[SUPPLIED DATA]
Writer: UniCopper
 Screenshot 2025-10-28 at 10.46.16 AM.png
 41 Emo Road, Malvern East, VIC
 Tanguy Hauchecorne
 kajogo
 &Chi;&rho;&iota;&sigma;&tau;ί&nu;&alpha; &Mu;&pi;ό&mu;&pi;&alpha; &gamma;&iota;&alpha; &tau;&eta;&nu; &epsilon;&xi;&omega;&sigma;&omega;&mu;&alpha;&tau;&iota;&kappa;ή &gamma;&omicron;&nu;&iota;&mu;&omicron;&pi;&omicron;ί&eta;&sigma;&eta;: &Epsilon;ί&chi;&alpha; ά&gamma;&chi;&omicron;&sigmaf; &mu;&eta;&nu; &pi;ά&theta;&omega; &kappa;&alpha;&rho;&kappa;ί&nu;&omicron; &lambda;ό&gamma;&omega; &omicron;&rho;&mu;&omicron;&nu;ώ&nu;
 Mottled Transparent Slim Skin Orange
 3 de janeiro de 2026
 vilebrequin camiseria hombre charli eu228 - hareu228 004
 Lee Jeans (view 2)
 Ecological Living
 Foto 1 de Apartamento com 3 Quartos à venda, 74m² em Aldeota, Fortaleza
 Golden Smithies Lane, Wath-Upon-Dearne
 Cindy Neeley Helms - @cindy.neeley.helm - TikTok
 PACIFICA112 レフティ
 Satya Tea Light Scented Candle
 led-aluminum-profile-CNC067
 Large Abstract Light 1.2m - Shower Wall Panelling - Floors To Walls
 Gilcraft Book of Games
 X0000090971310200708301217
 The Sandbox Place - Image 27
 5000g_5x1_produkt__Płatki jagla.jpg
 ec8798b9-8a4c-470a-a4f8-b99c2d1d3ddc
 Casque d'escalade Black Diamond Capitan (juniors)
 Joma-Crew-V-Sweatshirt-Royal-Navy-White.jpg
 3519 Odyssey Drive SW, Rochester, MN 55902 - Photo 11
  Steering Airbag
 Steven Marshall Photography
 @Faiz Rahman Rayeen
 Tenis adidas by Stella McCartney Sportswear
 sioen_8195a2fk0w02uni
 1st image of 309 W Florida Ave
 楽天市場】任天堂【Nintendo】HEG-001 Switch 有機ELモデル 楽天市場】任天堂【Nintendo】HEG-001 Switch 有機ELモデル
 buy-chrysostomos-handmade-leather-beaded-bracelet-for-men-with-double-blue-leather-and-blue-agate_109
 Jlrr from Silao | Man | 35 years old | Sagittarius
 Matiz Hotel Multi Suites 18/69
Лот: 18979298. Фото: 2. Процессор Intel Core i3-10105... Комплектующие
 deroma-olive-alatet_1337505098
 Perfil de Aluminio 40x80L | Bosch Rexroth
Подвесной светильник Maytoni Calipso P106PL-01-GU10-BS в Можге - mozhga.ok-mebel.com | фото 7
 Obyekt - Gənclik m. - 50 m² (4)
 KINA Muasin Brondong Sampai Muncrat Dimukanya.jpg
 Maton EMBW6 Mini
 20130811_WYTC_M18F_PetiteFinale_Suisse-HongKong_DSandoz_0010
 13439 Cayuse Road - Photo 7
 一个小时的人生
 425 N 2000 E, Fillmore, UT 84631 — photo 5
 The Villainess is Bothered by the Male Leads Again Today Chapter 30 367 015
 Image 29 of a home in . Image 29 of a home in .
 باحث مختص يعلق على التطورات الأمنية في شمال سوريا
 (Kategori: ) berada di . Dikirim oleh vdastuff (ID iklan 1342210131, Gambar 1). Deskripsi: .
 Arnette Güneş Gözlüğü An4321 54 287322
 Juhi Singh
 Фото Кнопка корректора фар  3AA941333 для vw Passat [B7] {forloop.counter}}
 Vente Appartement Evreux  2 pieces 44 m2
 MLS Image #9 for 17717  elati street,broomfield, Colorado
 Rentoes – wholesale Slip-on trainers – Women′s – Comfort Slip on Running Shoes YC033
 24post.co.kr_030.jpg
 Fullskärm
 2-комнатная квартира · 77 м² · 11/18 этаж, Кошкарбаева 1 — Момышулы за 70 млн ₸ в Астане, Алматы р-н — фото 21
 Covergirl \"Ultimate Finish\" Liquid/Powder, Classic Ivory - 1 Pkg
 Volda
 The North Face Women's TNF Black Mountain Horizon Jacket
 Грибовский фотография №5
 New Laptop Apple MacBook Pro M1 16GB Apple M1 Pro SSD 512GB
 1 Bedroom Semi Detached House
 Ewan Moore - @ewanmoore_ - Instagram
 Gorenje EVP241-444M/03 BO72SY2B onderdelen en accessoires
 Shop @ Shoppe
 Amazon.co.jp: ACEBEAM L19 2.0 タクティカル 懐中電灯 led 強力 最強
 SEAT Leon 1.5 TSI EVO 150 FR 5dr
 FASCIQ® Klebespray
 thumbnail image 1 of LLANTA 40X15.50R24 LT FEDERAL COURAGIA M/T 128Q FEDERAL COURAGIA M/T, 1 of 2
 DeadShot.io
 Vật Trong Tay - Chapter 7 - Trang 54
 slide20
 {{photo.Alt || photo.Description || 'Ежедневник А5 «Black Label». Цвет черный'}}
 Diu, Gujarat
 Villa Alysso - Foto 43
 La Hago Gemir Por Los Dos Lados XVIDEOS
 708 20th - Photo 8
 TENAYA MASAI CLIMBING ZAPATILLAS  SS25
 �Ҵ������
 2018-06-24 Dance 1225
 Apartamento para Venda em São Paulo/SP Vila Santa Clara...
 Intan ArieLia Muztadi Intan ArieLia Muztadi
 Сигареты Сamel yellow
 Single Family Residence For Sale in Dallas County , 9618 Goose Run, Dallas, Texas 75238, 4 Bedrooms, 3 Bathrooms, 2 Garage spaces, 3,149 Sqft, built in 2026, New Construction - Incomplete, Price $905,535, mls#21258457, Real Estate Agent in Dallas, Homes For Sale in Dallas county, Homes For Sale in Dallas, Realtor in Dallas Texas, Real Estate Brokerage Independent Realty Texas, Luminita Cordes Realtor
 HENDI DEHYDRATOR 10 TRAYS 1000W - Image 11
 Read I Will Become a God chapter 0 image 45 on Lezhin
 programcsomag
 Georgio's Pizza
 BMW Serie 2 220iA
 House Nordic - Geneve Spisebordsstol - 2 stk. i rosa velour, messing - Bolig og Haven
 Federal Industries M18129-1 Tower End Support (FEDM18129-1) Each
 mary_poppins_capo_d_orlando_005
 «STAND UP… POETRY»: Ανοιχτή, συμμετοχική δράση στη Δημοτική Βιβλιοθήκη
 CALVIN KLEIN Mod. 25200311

[ASSIGNMENT] Set down the lines of the listing word for word, from its first line through the line containing "The Sandbox Place - Image 27". Both of those lines belong in the answer, and no others do.

[OUTPUT FOR THIS EXERCISE]
Writer: UniCopper
 Screenshot 2025-10-28 at 10.46.16 AM.png
 41 Emo Road, Malvern East, VIC
 Tanguy Hauchecorne
 kajogo
 &Chi;&rho;&iota;&sigma;&tau;ί&nu;&alpha; &Mu;&pi;ό&mu;&pi;&alpha; &gamma;&iota;&alpha; &tau;&eta;&nu; &epsilon;&xi;&omega;&sigma;&omega;&mu;&alpha;&tau;&iota;&kappa;ή &gamma;&omicron;&nu;&iota;&mu;&omicron;&pi;&omicron;ί&eta;&sigma;&eta;: &Epsilon;ί&chi;&alpha; ά&gamma;&chi;&omicron;&sigmaf; &mu;&eta;&nu; &pi;ά&theta;&omega; &kappa;&alpha;&rho;&kappa;ί&nu;&omicron; &lambda;ό&gamma;&omega; &omicron;&rho;&mu;&omicron;&nu;ώ&nu;
 Mottled Transparent Slim Skin Orange
 3 de janeiro de 2026
 vilebrequin camiseria hombre charli eu228 - hareu228 004
 Lee Jeans (view 2)
 Ecological Living
 Foto 1 de Apartamento com 3 Quartos à venda, 74m² em Aldeota, Fortaleza
 Golden Smithies Lane, Wath-Upon-Dearne
 Cindy Neeley Helms - @cindy.neeley.helm - TikTok
 PACIFICA112 レフティ
 Satya Tea Light Scented Candle
 led-aluminum-profile-CNC067
 Large Abstract Light 1.2m - Shower Wall Panelling - Floors To Walls
 Gilcraft Book of Games
 X0000090971310200708301217
 The Sandbox Place - Image 27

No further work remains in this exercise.